Re: Securing a Debian 3.0 r0 system, and a few other quick questions . . .
"Doug MacFarlane" <madmac@covad.net> writes:
> 1. I've diligently been adhering to (I believe) apt/debconf practice, and
> have resisted editing .conf files by hand, and using
> dpkg-reconfigure instead. It works great - I can't complain - it
> does seem a little too easy though - no ego boost from being a Unix
> guy and being able to get it right the hard way . . .
(If you want to change the configuration files by hand, you should be
able to without a problem. Things that are aggressively managed by
debconf usually have big flaming warnings at the top of the file.)

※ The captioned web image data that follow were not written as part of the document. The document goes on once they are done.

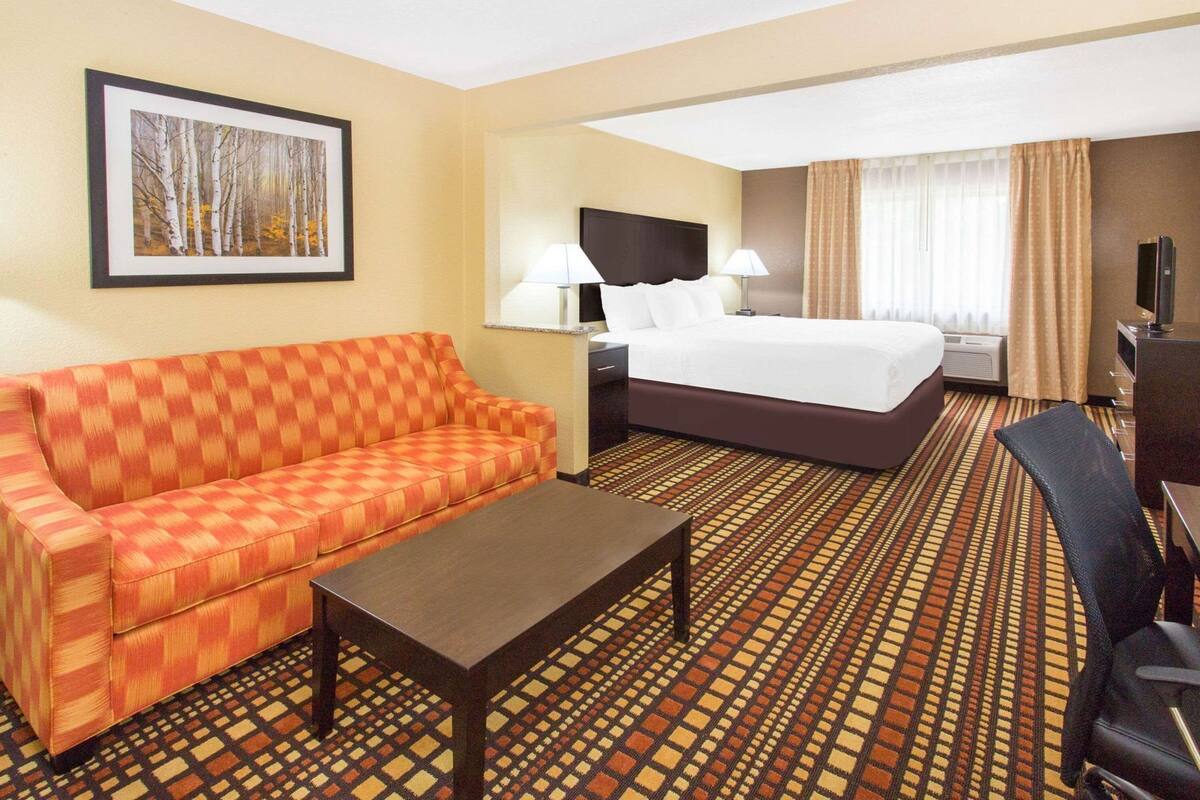 A hotel room with a bed, a sofa, a coffee table, a TV, and a painting on the wall.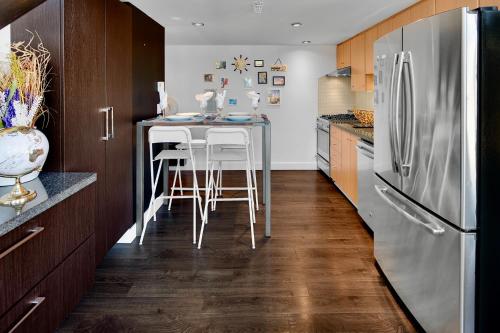 a kitchen with a table and a refrigerator at Trendy Downtown Loft Apartment - King Bed! in Vancouver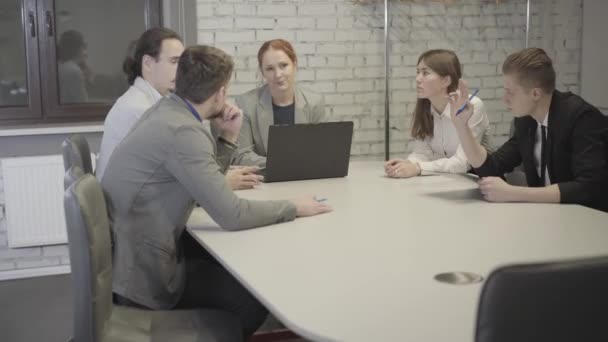 En grupp unga kaukasiska kollegor diskuterar projekt på öppna rymdkontor. Framgångsrika män och kvinnor som sitter runt bordet och delar idéer. Affärer, lagarbete, coworking. — Stockvideo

> At any rate, I need to make some changes to the basic IP config on
> my workstation - the questions that were asked at startup (hostname,
> IP address, etc.). What's the package name? net? network?
I'd just edit /etc/hostname for the hostname and
/etc/network/interfaces for the network configuration (including the
default IP address).
> 2b. What is the current thinking on securing port-level access to a host?
> Wietse Venenma's tcpwrapper was king in my day, is it still de
> rigeur? Or do people use iptable or ipchains or ipmasquerading to
> secure a host (NOT a LAN - it's not a firewall (yet) )?
Most people seem to go for ipchains/iptables firewalls for this sort
of thing these days. My personal philosophy is to just know what
services are running on my machine, and deinstall anything I don't use.
> 2c. I signed up for the security alert mailing list at lists.debian.org.
> How does one check to see if the alerts effect one's machine, and if
> the update mentioned is applicable? What is the apt magic?
You generally want to check that you have security sources in your
/etc/apt/sources.list file, but then a normal APT update and upgrade
should get you the latest security fixes.
deb http://security.debian.org stable/updates main contrib non-free
> 2d. Are there still generally accepted replacements to standard daemons
> that are considered more secure? In my day, we ran wu-ftpd instead
> of ftpd, and xinetd instead of inetd, and so on . . . . I'm running
> ssh instead of telnetd - no sweat there . . . but what about the
> rest of the basics?
In general, the security problems get fixed or the packages get
removed. I wouldn't particularly recommend one version of a daemon
over another because it's more secure; if there is a problem with a
package, security updates generally come out pretty quickly.
--
David Maze dmaze@debian.org http://people.debian.org/~dmaze/
"Theoretical politics is interesting. Politicking should be illegal."